Completely split absolutely irreducible integer-valued polynomials ov...

Non-unique factorization of elements into irreducibles has been observed in the ring of integer-valued polynomials and its generalizations. It is known that every (multi-)set consisting of integers greater than 1 can be realized as the (multi-)set of lengths of an integer-valued polynomial over a Dedekind domain D with infinitely many maximal ideals whose residue fields are finite. Moreover, under the same assumptions on D, Int(D) is not transfer Krull. The proofs of these two statements are build on the constructions of integer-valued polynomial whose factorization behaviour can be fully controlled. For this, it is crucial to avoid the situation of a factorization in which an irreducible factor occurs more than once. This is because in non-unique factorization domains there is in general no saying how the powers of an irreducible element factor. From a factorization theoretic point of view, one wants therefore identify those elements among the irreducibles whose powers factor uniquely.
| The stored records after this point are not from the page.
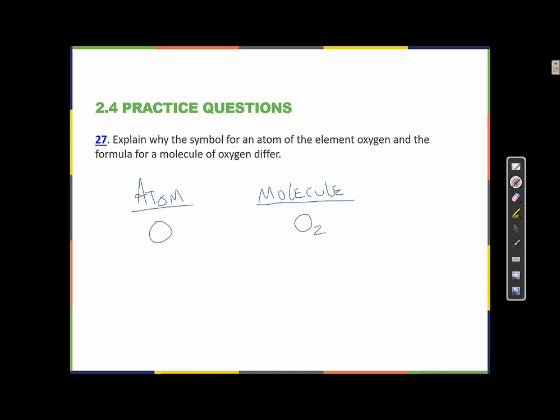Generally, atoms come more than one at a time because they're more stable that way. So an atom of a substance is always just one — we would imagine a subscript of 1 even though we don't write it. And a molecule of a substance is always more than one; in this case, two.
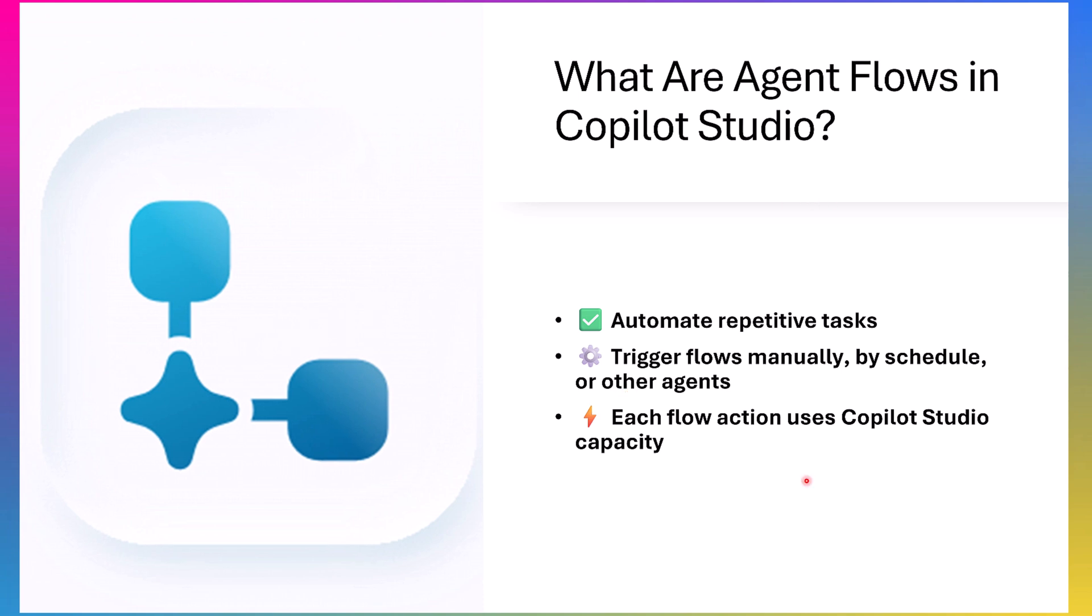What are agent flows in Copilot Studio? Agent flows are a powerful way to automate your routine tasks and integrate it with your apps and services. You can trigger flows in multiple ways: manually, based on schedule or even through other agents. Every time a flow executes an action, it uses a bit of your Copilot capacity, so it's both powerful and resource-aware. Whether you are streamlining a daily task or building complex automation, agent flows helps you to stay effective.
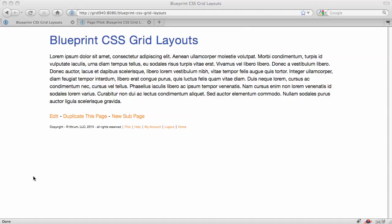Okay, today we're going to cover Blueprint CSS grid-based layouts, and this is an extension or an enhancement to a feature we've been using for a couple of years.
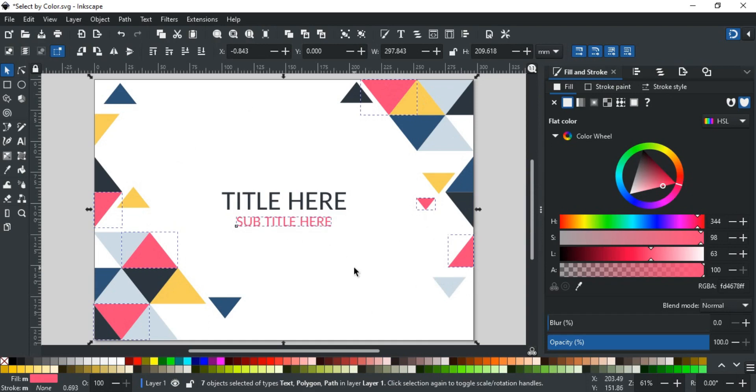Now, you can change its color to orange by going to Fill and Stroke or using the color palette, like this.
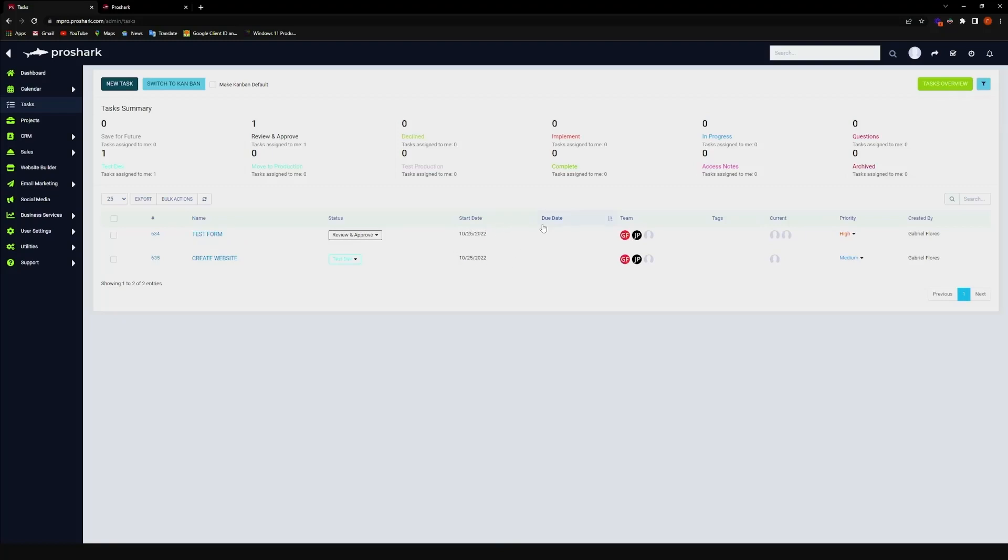If you want to find a task that has a particular team on it, you can find it here. Or if you just want to sort it by priority, you can also do that here.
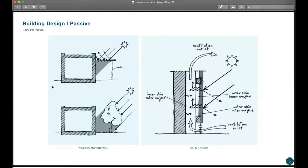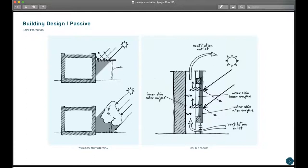Speaking about solar protection, you can use flowers or plants to protect from the sun. Another strategy is the double facade — this will protect you from direct solar radiation. If solar radiation penetrates through the first layer, the ventilation inlet inside will cool down the temperature between the first and second layer. Therefore, your inner space will be at normal room temperature. This is a good strategy to use.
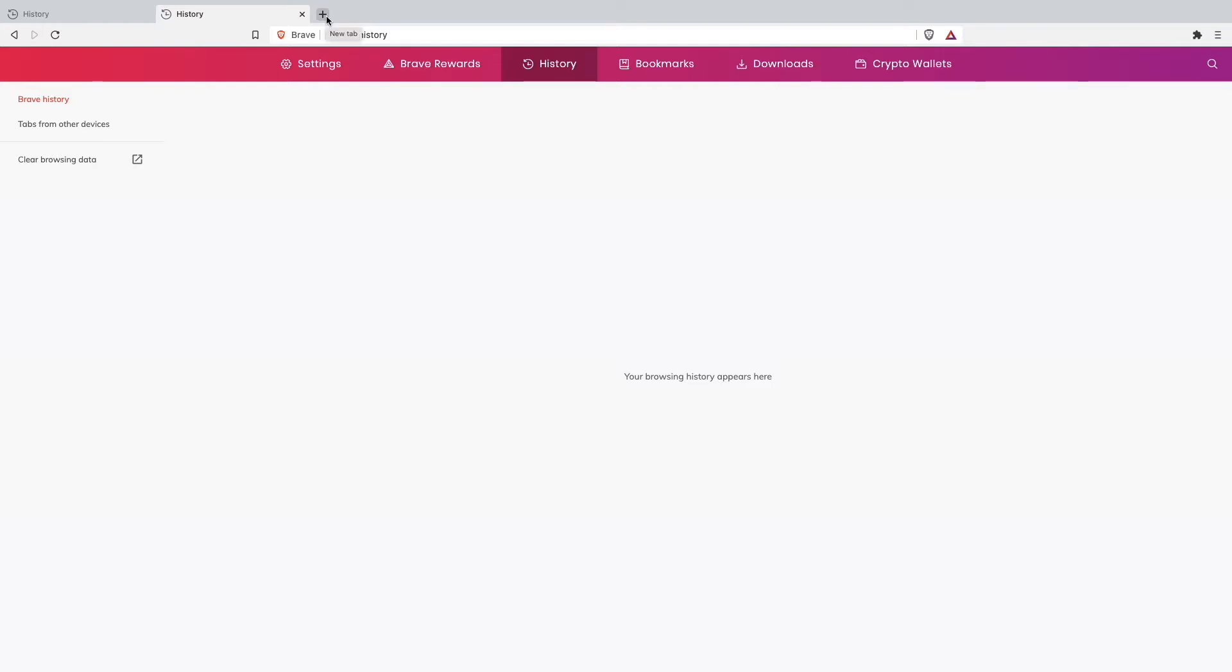Now the last thing I want to show you will only be important to some of you who are not living in the USA. I feel like for people like me who are living in Germany or in Afghanistan, Turkey, Greece, wherever are getting way less ads than people who are living in the USA because there the Brave browser is mostly used and most of the advertisers are giving the ads to people from the USA.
We call an irreducible element f absolutely irreducible or strong atom if every power f n of f has essentially one factorization, namely f · f · · · f (n times). Irreducible elements which are not absolutely irreducible are known to exist in rings of integer-valued polynomials. In a recent project we were able to characterize the absolutely irreducible polynomials among the completely split polynomials in terms of their root set in Int(R) where R is a discrete valuation domain with finite residue field. This is joint work with S. Frisch and S. Nakato.